The theory is that the public funding is justified because it’s going to deal with events or obligations outside the institutions’ control — damage caused by flood or earthquake, for example, or the need to protect from potential terrorism. The easy analogy is fire: Should the local fire department not respond to the call from a church when its bell tower erupts in flames, just because it’s a religious nonprofit and doesn’t pay taxes?
Of course the fire department should respond. That’s what a compassionate government does — protects not just the church, but its neighbors. The concept of “neutrality” obligates government to treat houses of worship like other buildings, just as FEMA grants are not skewed to religious organizations but to anyone suffering from the ravages of natural disasters. (This is why the homeland security grants are so problematic, because they are essentially Jewish earmarks.)
But that church or synagogue is not like its neighbors in many respects. Religious institutions hold special privileges even among groups that are qualified as nonprofits and not required to pay taxes.
They do not have to abide by certain civil rights laws and can, for example, discriminate in hiring, so that the Orthodox shul can’t be subject to a lawsuit if it doesn’t hire the lesbian rabbi.
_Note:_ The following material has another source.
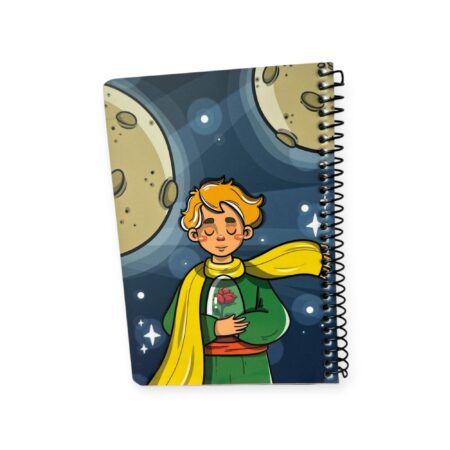 دفتر نوت بوك بتشكيلة رائعة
These institutions do not have to disclose the salaries of their top officials or other information about their financial operations, and are allowed to bypass the public transparency required of other tax-exempt groups.
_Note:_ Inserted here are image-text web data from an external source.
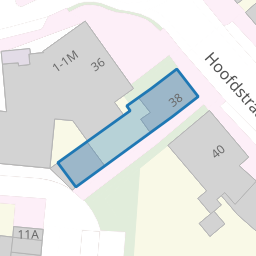 Perceel THD00-G-2889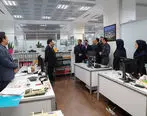 تاکید مدیرعامل بانک ملی ایران بر ضرورت توجه به نیاز مشتریان و استمرار خدمات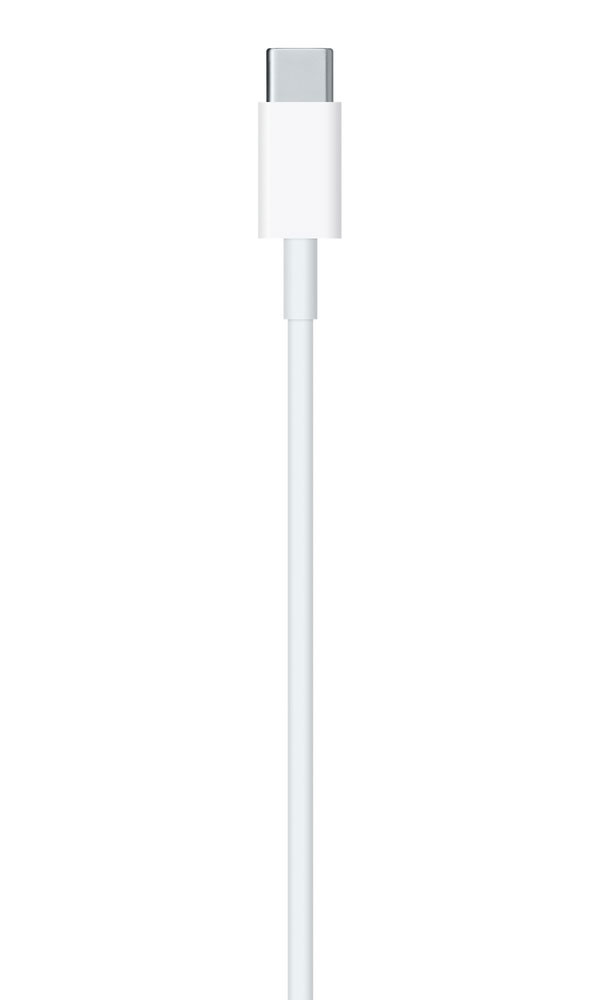 Apple - MUQ93AM/A - Cables & Connections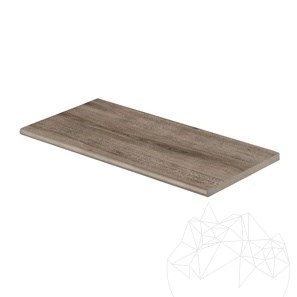 Bordo Toro - Sinterized Stone, 45X90X3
These protections aren’t just niceties. They acknowledge the special role religion plays in our society, and prevent government from becoming excessively entangled in the practices of these faith institutions, precisely what the First Amendment is supposed to guarantee.
Like any privilege in this society, however, this specialness can be abused — and it has been, by clergy who earn fantastic sums of money without any obligation of disclosure, for instance. Or, in a more generous light, these protections allow faith institutions to ignore certain norms and expectations of society — by openly discriminating according to gender, race or sexuality, for another example.
Tax-exempt organizations are so designated because they fulfill a secular purpose for the good of us all. The doctrine of neutrality obligates faith institutions to use public money for secular purposes, too: to restore the street facade of a synagogue but not its sanctuary; to fix the ordinary, not the sacred. But where to draw the line?
That question has bedeviled the federal government’s faith-based initiative ever since it was created in the early days of the George W. Bush administration. And if the Obama administration extends the purview of FEMA to include houses of worship, the difficulty of drawing the line will be there, too. How do you avoid using public money for a pervasively religious purpose when helping a synagogue that exists for a pervasively religious purpose?
And if the trend continues and expands, allowing churches, synagogues, mosques and temples to apply for more and more federal funding, will their position of distinctiveness be diminished? Will they be entangled with more paperwork, more government oversight and more pressure to conform to the norms and practices of other nonprofits?
Our hearts go out to the suffering congregations, and it’s impossible to say they shouldn’t receive the kind of help only government is able to provide. But context matters. History matters. These FEMA grants could be a one-time, extraordinary measure, or could be another step in a fraught process that moves the boundary between religion and state to an unwelcome place.